It is entertaining, witty, and -- to borrow a word from my previous post -- charming. I will risk being found out as a curmudgeon by saying: "They don't make movies like that anymore!" Well, they don't.
One of its best scenes takes place outside and inside a clattering windmill located on a wide, windy plain, beneath a louring sky, in the Dutch countryside (i.e., in a studio in California). Why do I bring this up? Because I highly recommend both the scene and the movie. And because it provides a segue (however tenuous) to two poems about windmills by Arthur Symons, one of Ernest Dowson's fellow Decadent poets.
Robert Burford (1791-1861)
"View of Chelsea Hospital from the South Bank at Battersea" (1812)
The Windmill
The day is enough for delight;
Why, as I lie on the grass,
And watch the clouds as they pass,
Do I reason of wrong and right?
Only to be, and the breath
I take is all that I need,
Were I but as the flower and weed
That live without thought of death.
But death and right and wrong,
As the windmill turns on the hill
Turn like a burden still
That I cannot cast out of my song.
Arthur Symons, Knave of Hearts (1913).
Symons wrote "The Windmill" in 1906 at the age of 41. Thus, it does not have the youthful melancholy and the free-floating romantic longing that one finds in the typical poems of the Nineties. The century had turned. The moment had passed. And Symons was three years away from a severe mental breakdown.

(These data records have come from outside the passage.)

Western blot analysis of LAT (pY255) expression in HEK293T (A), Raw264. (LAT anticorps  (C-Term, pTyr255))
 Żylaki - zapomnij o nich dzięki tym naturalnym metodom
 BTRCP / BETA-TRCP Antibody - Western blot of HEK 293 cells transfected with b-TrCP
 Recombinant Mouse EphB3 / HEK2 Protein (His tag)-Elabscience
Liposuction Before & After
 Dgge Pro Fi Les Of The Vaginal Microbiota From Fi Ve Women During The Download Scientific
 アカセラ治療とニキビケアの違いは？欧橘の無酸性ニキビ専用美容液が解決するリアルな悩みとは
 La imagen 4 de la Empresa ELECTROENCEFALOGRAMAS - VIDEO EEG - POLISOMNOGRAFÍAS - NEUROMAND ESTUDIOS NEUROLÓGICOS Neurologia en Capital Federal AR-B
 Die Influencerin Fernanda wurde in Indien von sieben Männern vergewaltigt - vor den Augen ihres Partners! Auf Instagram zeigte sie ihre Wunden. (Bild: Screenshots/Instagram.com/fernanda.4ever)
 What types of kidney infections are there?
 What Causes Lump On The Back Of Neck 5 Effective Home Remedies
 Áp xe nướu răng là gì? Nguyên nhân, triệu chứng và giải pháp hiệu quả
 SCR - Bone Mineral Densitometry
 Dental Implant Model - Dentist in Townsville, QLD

John Samuel Raven, "A Sussex Mill" (1858)
On the other hand, the following poem does have a classic Decadent feel to it, and not merely because it was written in 1897, and not merely because of its theme of lost love and lacerating memory.
A Tune
A foolish rhythm turns in my idle head
As a windmill turns in the wind on an empty sky.
Why is it when love, which men call deathless, is dead,
That memory, men call fugitive, will not die?
Is love not dead? yet I hear that tune if I lie
Dreaming awake in the night on my lonely bed,
And an old thought turns with the old tune in my head
As a windmill turns in the wind on an empty sky.
Arthur Symons, Images of Good and Evil (1899).
The character of the Nineties is, I think, evident in the sound and rhythm of the poem. For instance: "And an old thought turns with the old tune in my head/As a windmill turns in the wind on an empty sky." Note that the final line is a repetition of the second line. These sorts of repetitions are a typical feature of Nineties poetry: the Decadents were fond of repeating words, phrases, and lines within a poem in order to create a sonorous, dreamlike flow.
And this is wonderful: "Dreaming awake in the night on my lonely bed." A line such as this could almost be viewed as a parody of the Decadent worldview. "Dreaming awake"! But, as I have noted before, I can't help myself: I have a genuine, wholly unironic fondness for the poets of the Nineties.